AWS CloudFormation is a managed AWS service with a common language for you to model and provision AWS and third-party application resources for your cloud environment in a secure and repeatable manner. This provides a single reference point for both AWS infrastructure mapping and development.  

CloudFormation abstracts away many of the subtleties involved in managing dependencies between AWS resources. Additionally, CloudFormation allows for the modification and destruction of provisioned resources in a prescribed and predictable manner, making versioning and iterating on your infrastructure much more accessible. CloudFormation is AWS-focused, and AWS-native. 

With CloudFormation, you don’t need to figure out which AWS services need to be provisioned or the subtleties of how to make these dependencies connect together  — CloudFormation takes care of this for you in a siloed kind of manner. Once deployed, you can destroy and modify AWS resources in a controlled and predictable way within CloudWatch, allowing you to version control your own AWS infrastructure. This allows for iterative testing, as well as rollback (when configured properly).  

Terraform

Created by HashiCorp, Terraform is an open-source infrastructure-as-code software tool that helps users with the task of setting up and provisioning datacenter infrastructure. A cloud-agnostic tool, Terraform codifies APIs into declarative configuration files that can be shared amongst team members, treated as code, edited, reviewed, and versioned.
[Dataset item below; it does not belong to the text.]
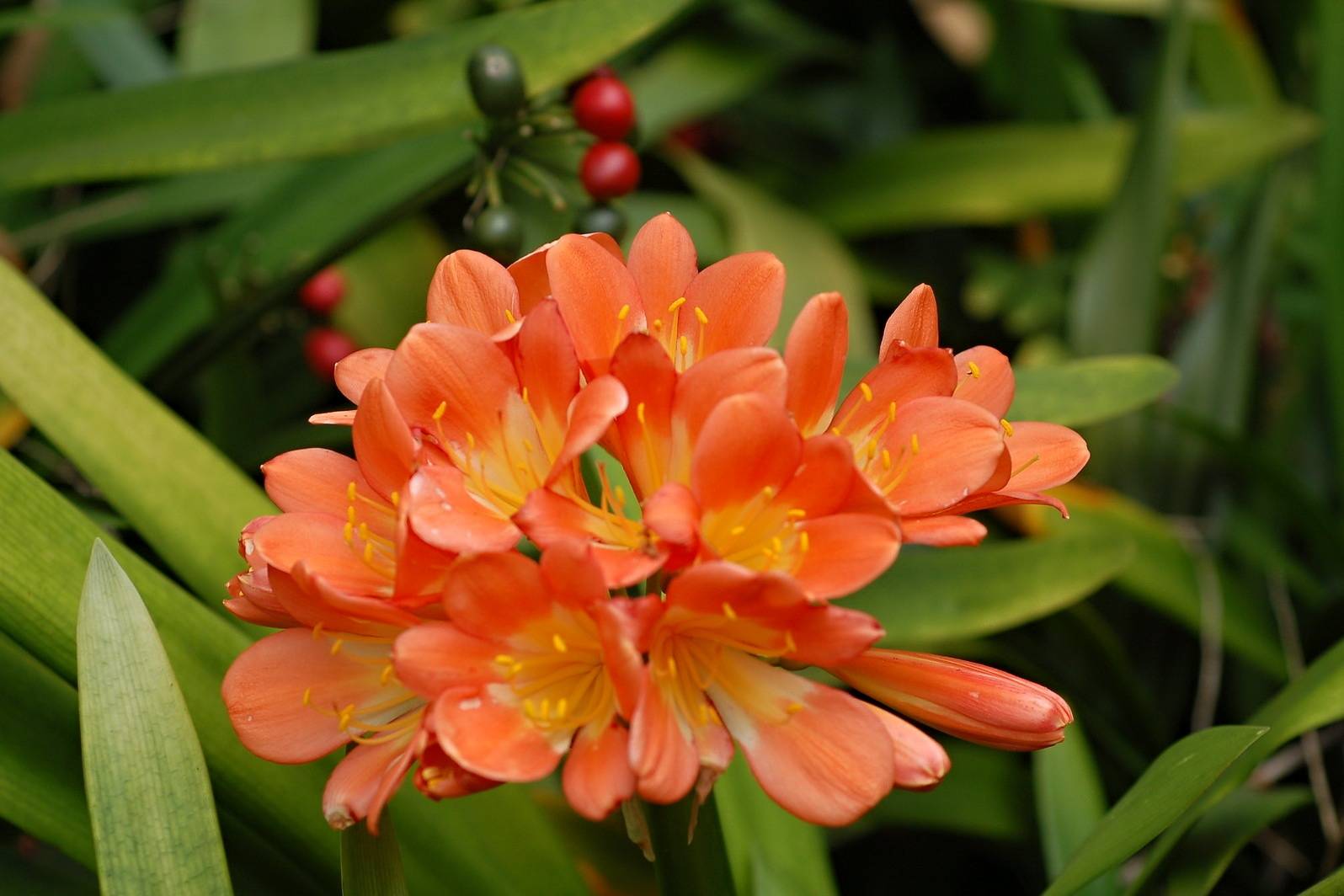 Цветок кливия: фото и уход в домашних условиях за растением лилией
Now that we’ve defined these two IaC platforms, let’s review some of the key differences in more depth.

 

State Management

With both CloudFormation and Terraform, you need to keep track of all resources under management.
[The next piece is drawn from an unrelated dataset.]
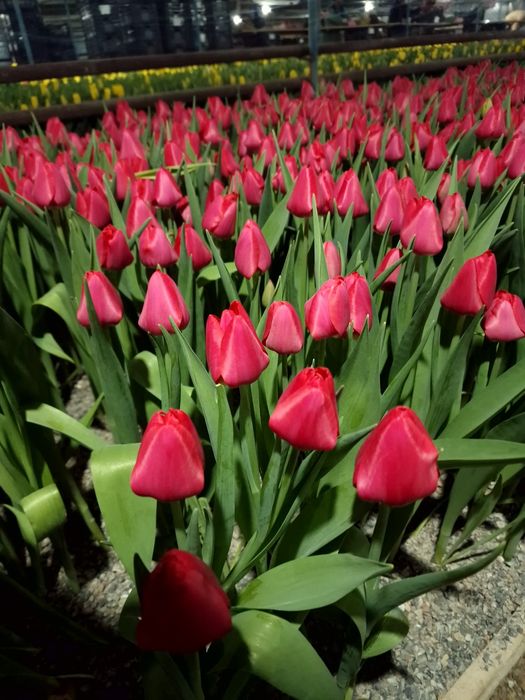 Тюльпаны крупные оптом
With CloudFormation, users can perform regular drift detection on their entire provisioned infrastructure, and receive detailed responses if anything has changed. Some resources in a CloudFormation stack are able to have parameters changed without destroying and rebuilding the targeted resource, while others are considered immutable and will be rebuilt.  Additionally, before CloudFormation will delete a resource, it will determine dependencies and fail the command if any exist (which would remain after resource removal).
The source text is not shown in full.